Auch Grundangeln mit Wurm, Muschel oder Fetzenköder

Spinnangeln mit kleinem Twister und Spirolino-Montage (keine schweren Jig-Köpfe, da sonst ständig Hänger und oberflächennahe Führung erforderlich)


----------



## Agalatze (10. Juli 2004)

*AW: Angeln auf Mallorca*

hallo, ich habe schon öfters auf mall geangelt.
da sind große meeräschen zu fangen. allerdings nicht immer ganz einfach. musst auch gucken wo sie sind. und natürlich diverse andere fischarten die ich nicht mit namen kenne. sogar kleine rochen und seezungen haben wir schon gefangen.
köder am besten bei anderen abbucken. ansonsten gibt es im sand ca 40-60cm tief kleine würmer. die sehen aus als hätten sie einen ölfilm drauf von der farbe her. mit denen kannst du gut angeln. und die blinker natürlich nicht vergessen.
viel glück
gruß agalatze


----------



## powermike1977 (11. Juli 2004)

*AW: Angeln auf Mallorca*

moin!
werde auch gegen ende august auf die insel gehen. habe in einem anderen posting schon mal gelesen, dass man sehr gut in saemtlichen haefen mallorca's die angler beobachten sollte. das werde ich auf jeden fall tun. 
wenn du ueber den "passeo" westlich in palma einfaehrst, gibts auch schon einen unuebersehbaren angelshop. muss mich aber selber noch besser erkundigen.


----------



## 1a-angelshop.de (11. Juli 2004)

*AW: Angeln auf Mallorca*



			
				Agalatze schrieb:
			
		

> hallo, ich habe schon öfters auf mall geangelt.
> da sind große meeräschen zu fangen. allerdings nicht immer ganz einfach. musst auch gucken wo sie sind.

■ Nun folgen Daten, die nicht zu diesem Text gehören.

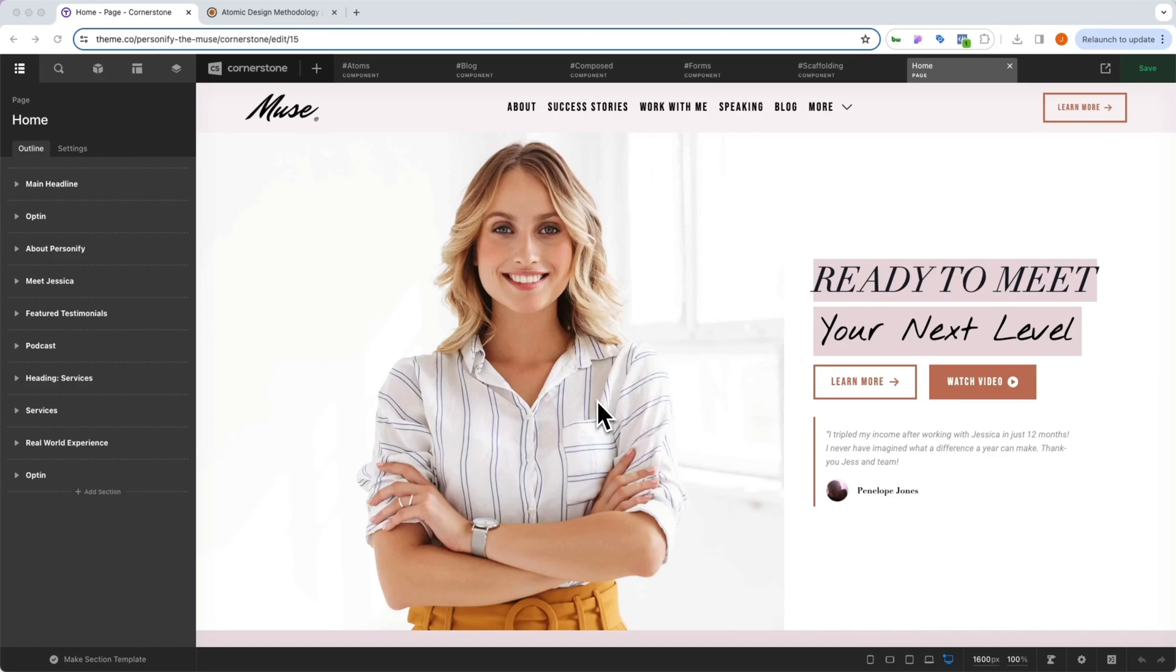Hey, what's going on, everybody, and welcome to another episode of our Intro to Personify series. In this episode, we are going to take a look at how atomic design functions within the context of the Personify template.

Die sind nach meiner Erfahrung meistens im hafen oder den Wellenbrechern drumrum.

Füttern wichtig!

ganz verrückt nach Brot - bagett - das innere an den Haken, mit der Krume füttern

oder kleine Sardinenstücke - auch hier anfüttern

wichtig! - sehr scheu - feines gerät - macht dann auch richtig Spasssss


----------



## Agalatze (11. Juli 2004)

*AW: Angeln auf Mallorca*

stimmt !
mir ist gerade noch was eingefallen zu den meeräschen.
benutze dafür am besten kleine drillinge. damit hakst du sie am besten wenn sie das brot lutschen. ich habe soviele fische schon am lutschen gehabt, sie dann aber nicht bekommen bis ich die drillinge nahm.


----------



## 1a-angelshop.de (11. Juli 2004)

*AW: Angeln auf Mallorca*



			
				Agalatze schrieb:
			
		

> stimmt !
> mir ist gerade noch was eingefallen zu den meeräschen.
> benutze dafür am besten kleine drillinge. damit hakst du sie am besten wenn sie das brot lutschen. ich habe soviele fische schon am lutschen gehabt, sie dann aber nicht bekommen bis ich die drillinge nahm.


Tolle Idee #v #v #v 

werd ich mir merken!

Ich habs vorige Woche noch sportlich gesehen - jedem "Lutscher" seine Chance - dafür aber geiles Wetter beim Angeln


----------



## Agalatze (11. Juli 2004)

*AW: Angeln auf Mallorca*

ist ne umstrittene sache mit den drillingen...
aber funktionieren tut es.


----------



## BabbaSkum (12. Juli 2004)

*AW: Angeln auf Mallorca*

Wieso umstritten? Machen es die Einheimischen nicht so? Oder gibt es Bestimmungen von denen ich nichts weiß? ;+ 
Fliege am 7Aug. nach Motril und möchte mich nicht unbeliebt machen. #: 
Gruß Babba #g


----------



## Agalatze (12. Juli 2004)

*AW: Angeln auf Mallorca*

die einheimischen reißen sogar fische oder schießen sie mit kleinen harpunen.
deswegen brauchst du dir keine gedanken machen.
aber es ist ja nicht gerade die schonenste art fische zu fangen mit dem drilling.
viele angeln ja nur noch ohne widerhaken und so.
aber mach dir mal kein kopf. ersten sieht eh kein schwein dass es drillinge sind 
und zweitens wenn sie es sehen und keine ahnung haben ist es denen auch egal.
die einzigen die meckern können sind verfechter für völlige schonung der fische.
gruß agalatze


----------



## Dorschi (13. Juli 2004)

*AW: Angeln auf Mallorca*

Männers wie sieht es denn auf Malloze mit Scheinen und Lizenzen aus?
Was braucht man denn so dort?


----------



## Agalatze (13. Juli 2004)

*AW: Angeln auf Mallorca*

das weiss ich leider nicht.
habe ehrlich gesagt einfach drauf los geangelt.


----------